Ana içeriğe atla

NOİ...

Blog yazılarımı takip eden arkadaşlarıma, buradan bir müjde vermek istiyorum. Yazın hayatımın yönünü sonunda buldum. Bundan böyle kişisel gelişim yazıları yazıcam.
Zaman zaman, bu deli saçmalarını okuyup, ‘Güllü, roman yaz’, ‘Güllü, hikaye yaz’ şeklinde eşsiz desteklerinizi sunuyorsunuz. Bunun için hepinize minnettarım. Ama yazarak ve okuyarak geçirdiğim uzun ve uykusuz gecelerden sonra anlamış bulunuyorum ki; bendeniz de böyle bir kabiliyet yok. Ne kadar kasarsam kasayım, misal bir ‘Anna Karanina’ yazamam. Veya Groit Baba... Veya Üç Silahşörler... Gerçi sonuncusundan çok emin değilim. Neden derseniz, romanda aslında dört silahşör var. Atos, Portos, Aramis ve Dartanyan... Küçükken, bu durumu benden kaynaklanan bir yanlış anlama sanırdım. Şimdi ben çocuğum ya... Çocuk aklımın ‘birimiz hepimiz, hepimiz birimiz için’ deyip kılıçları çattıkları zaman, kareye dört adamın girdiği hikayenin anlatıldığı kitabın adının ‘üç silahşörler’ olmasını anlamayacak kadar az gelişmiş olduğunu düşünürdüm. Hikayeye hep  ‘ben neyi kaçırdım’ hissi ile yaklaştım. Yıllar sonra, kitabı bu kez kırkiki yaşımın aklı ile alıp tekrar okuduğumda anladım ki; olayda gerçekten dört silahşör var. Hata bende değil, Alexander Duma’daymış... Yanlış saymış. Altıyüz sayfa boyunca da, geri dönüp bir kez bile saydıklarını kontrol etmemiş. Ne müthiş bir özgüven... Hayran olmamak elde değil... Anladığım kadarı ile bende de böyle bir potansiyel var. Bu tarz bir abukluk yapabilecek kapasitede buluyorum kendimi. O yüzden son kitabı künyeden düşün. Kasarsam, mesela, ‘sex and the ci’...  diye bir kitap yazabilirim. Kitap dört kişilik bir kadın grubunun, aslında üç kişi olduklarını iddia eden bir yazarla çatışmalarını anlatan hikayelerini içerebilir. Evet, evet... Kendime inanıyorum. Yapabilirim bunu...

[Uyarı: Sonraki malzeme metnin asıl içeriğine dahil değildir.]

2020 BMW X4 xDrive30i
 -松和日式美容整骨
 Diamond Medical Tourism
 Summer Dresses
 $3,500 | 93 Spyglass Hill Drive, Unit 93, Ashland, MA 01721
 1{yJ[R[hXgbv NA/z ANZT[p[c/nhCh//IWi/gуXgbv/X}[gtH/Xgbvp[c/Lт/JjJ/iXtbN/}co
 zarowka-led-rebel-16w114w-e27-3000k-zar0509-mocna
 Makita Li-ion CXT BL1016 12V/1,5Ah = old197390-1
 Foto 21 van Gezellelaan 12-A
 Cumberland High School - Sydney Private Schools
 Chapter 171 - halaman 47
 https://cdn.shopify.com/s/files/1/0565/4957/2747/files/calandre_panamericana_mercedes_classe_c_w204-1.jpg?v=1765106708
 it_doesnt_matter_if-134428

Şimdi ne yazıp yazamayacağımı anladığımıza göre, yazarsam ne olacak kısmına geçebiliriz.
Bir kitabın edebi başarısının yanında ekonomik başarısı da çok önemli. Benim yazacağım kitabın en az 7000 satacağını biliyorum. Nerden derseniz, blog’un okunma sayısından... Geçenlerde, blog kitap olarak basılsaydı, ne kadar para kazandırırdı, diye merak etmiştim. Pratik zekası ile bana fark atan bir dostum ‘kitap başına bir lira alsaydın, yedibin lira kazanmış olurdun. On lira alsaydın yetmişbin lira kazanmış olurdun’ ne var bunda hesaplayamayacak, dedi... O zaman bu işteki potansiyeli anladım. Hırs ve ihtiras gözümü bir kez daha bürüdü. Ben de böylece parayı çuvalla götürebileceğim bir alana, ‘kişisel gelişime’ yöneldim.
Geçenlerde bir kitap okudum. Adı EFT... Bana gerçekten büyük ilhamlar verdi. Dörtyüz sayfayı hatmettikten sonra ortaya şu sonuç çıktı: İstediğiniz şeyleri elde etmenin yolu, elde ettiğinizi istemenizden geçer... Gerçeği anlayan EFT müridi ‘kavradım’ diye bağırarak ayağa fırlıyordu. Valla bravo... biz bunu nasıl düşünemedik. Elde ettiğini istersen, istediğini elde etmiş olursun...  Meğer olay ne kadar kolaymış. Dört yüz sayfada,  herhalde bu inanılmaz parlak sonuca alıştıra alıştıra varmamız için yazılmış dolgu kısmı olsa gerek... Biliyorsunuz biz Türk’lerin bu gibi durumlar için güzel bir benzetmesi vardır. Böyle süpriz sonuçlarla karşılaşınca  ‘Yok, ananın örekesi’ deriz... Bende son bölüme geldiğim zaman içimden aynen böyle dedim... Ulan eşşek sıpaları... Dörtyüz sayfayı bunun için mi okudum ben. Hemde kitaba 30 lira verdim. Sonunun böyle biteceğini bilsem, gider o parayla Şans usülü bonfile yerdim. Böylece hem istediğimi alırdım, hem de aldığımı istemiş olurdum.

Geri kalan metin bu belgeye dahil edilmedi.